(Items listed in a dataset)
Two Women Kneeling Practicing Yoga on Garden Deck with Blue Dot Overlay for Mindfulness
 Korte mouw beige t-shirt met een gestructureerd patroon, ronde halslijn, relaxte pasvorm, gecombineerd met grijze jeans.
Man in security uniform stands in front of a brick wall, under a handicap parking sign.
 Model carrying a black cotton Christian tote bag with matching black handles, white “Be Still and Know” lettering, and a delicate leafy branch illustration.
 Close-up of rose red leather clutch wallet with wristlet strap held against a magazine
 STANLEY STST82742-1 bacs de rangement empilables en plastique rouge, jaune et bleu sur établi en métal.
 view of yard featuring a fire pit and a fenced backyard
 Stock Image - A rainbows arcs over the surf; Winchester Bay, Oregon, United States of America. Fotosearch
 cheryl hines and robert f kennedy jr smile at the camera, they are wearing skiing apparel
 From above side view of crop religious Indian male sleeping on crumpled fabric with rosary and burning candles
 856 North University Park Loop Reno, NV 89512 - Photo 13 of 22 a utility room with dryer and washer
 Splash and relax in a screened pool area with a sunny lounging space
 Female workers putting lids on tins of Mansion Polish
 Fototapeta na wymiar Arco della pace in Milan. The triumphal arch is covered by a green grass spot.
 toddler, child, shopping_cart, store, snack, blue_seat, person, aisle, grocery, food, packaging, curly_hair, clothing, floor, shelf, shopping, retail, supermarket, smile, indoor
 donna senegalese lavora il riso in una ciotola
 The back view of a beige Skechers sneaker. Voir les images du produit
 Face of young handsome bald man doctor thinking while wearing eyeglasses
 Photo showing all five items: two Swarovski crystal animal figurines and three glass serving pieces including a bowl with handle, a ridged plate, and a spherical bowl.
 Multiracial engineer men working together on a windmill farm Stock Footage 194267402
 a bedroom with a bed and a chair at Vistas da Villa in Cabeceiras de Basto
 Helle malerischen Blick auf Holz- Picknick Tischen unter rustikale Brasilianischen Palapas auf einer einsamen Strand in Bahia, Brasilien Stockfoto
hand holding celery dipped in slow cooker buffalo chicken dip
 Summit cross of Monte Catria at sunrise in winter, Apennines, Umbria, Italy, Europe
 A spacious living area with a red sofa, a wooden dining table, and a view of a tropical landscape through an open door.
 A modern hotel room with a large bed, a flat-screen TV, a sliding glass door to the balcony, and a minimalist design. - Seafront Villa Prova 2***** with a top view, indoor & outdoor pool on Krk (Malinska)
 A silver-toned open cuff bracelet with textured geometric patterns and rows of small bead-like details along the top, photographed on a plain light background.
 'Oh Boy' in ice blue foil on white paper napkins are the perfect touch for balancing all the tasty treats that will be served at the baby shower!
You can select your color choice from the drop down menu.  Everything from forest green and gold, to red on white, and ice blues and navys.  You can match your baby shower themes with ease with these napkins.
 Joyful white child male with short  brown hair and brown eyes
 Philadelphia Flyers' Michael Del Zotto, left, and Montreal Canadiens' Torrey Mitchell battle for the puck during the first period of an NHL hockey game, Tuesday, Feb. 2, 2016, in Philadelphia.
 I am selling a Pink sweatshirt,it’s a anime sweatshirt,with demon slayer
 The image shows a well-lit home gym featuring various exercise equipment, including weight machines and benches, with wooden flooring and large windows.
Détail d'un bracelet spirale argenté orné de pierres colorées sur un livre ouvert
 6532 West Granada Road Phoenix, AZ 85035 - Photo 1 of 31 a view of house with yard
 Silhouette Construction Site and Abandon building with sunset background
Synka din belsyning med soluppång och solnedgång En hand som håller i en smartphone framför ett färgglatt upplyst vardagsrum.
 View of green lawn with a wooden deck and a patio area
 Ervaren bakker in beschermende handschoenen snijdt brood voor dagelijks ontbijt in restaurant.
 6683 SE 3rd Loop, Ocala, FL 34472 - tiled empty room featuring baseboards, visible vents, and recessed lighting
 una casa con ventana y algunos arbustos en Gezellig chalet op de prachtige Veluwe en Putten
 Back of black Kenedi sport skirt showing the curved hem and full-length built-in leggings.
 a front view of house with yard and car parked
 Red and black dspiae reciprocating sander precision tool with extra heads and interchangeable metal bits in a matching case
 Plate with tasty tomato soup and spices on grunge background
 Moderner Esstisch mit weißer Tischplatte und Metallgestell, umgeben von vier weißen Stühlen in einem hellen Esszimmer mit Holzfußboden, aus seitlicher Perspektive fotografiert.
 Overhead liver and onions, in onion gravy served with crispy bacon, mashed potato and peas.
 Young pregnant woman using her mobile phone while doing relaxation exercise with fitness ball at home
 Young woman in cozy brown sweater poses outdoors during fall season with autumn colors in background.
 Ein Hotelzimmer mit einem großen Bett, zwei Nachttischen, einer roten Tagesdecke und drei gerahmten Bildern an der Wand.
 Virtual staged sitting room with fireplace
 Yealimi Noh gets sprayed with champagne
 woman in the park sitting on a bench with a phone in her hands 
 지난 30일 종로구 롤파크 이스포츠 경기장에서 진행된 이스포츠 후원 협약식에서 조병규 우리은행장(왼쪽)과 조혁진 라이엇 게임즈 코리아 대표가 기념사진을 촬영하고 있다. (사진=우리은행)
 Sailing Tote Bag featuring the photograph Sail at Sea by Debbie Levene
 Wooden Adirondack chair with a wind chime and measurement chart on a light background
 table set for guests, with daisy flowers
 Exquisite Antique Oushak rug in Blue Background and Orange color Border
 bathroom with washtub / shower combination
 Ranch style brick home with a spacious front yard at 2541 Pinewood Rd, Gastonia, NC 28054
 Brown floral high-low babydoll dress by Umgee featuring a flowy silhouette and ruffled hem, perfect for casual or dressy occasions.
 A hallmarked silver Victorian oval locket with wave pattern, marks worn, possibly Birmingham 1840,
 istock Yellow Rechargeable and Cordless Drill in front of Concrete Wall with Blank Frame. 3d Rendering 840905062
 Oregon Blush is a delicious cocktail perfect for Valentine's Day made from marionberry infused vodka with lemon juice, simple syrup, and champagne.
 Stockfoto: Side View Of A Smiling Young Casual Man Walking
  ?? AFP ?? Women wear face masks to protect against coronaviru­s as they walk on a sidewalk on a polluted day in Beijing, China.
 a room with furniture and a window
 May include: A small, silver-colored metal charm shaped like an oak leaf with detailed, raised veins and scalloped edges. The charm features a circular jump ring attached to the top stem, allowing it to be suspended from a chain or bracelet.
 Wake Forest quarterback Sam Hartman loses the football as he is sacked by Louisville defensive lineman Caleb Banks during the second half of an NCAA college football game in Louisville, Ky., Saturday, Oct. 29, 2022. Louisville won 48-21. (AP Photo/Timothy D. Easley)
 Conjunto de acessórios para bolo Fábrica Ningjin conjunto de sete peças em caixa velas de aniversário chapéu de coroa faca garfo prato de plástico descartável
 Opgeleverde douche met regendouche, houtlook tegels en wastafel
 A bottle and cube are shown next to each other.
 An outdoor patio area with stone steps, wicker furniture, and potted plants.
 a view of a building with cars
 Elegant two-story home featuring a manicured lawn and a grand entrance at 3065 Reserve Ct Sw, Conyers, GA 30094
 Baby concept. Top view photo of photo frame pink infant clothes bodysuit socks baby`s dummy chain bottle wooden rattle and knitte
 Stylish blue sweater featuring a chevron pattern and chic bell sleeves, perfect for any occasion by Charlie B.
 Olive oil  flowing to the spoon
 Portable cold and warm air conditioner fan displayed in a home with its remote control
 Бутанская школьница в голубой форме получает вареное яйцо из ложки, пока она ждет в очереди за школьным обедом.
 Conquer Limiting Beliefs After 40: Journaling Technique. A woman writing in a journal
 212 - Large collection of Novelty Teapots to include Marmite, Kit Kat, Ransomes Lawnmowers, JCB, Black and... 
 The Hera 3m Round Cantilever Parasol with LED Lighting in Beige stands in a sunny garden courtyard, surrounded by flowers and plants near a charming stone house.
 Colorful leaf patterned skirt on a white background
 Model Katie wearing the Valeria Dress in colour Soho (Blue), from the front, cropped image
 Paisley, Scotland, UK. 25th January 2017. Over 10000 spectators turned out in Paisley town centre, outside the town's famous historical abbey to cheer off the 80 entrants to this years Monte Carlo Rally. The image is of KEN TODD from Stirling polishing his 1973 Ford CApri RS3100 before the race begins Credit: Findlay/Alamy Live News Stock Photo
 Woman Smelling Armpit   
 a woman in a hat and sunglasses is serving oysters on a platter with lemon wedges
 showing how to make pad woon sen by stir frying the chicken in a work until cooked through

**Work required:**
Out of the data above, transcribe exactly and only the lines starting with the line that has "Red and black" and going on through the line that has "Moderner Esstisch mit", both included.

**Reply to the exercise:**
 Red and black dspiae reciprocating sander precision tool with extra heads and interchangeable metal bits in a matching case
 Plate with tasty tomato soup and spices on grunge background
 Moderner Esstisch mit weißer Tischplatte und Metallgestell, umgeben von vier weißen Stühlen in einem hellen Esszimmer mit Holzfußboden, aus seitlicher Perspektive fotografiert.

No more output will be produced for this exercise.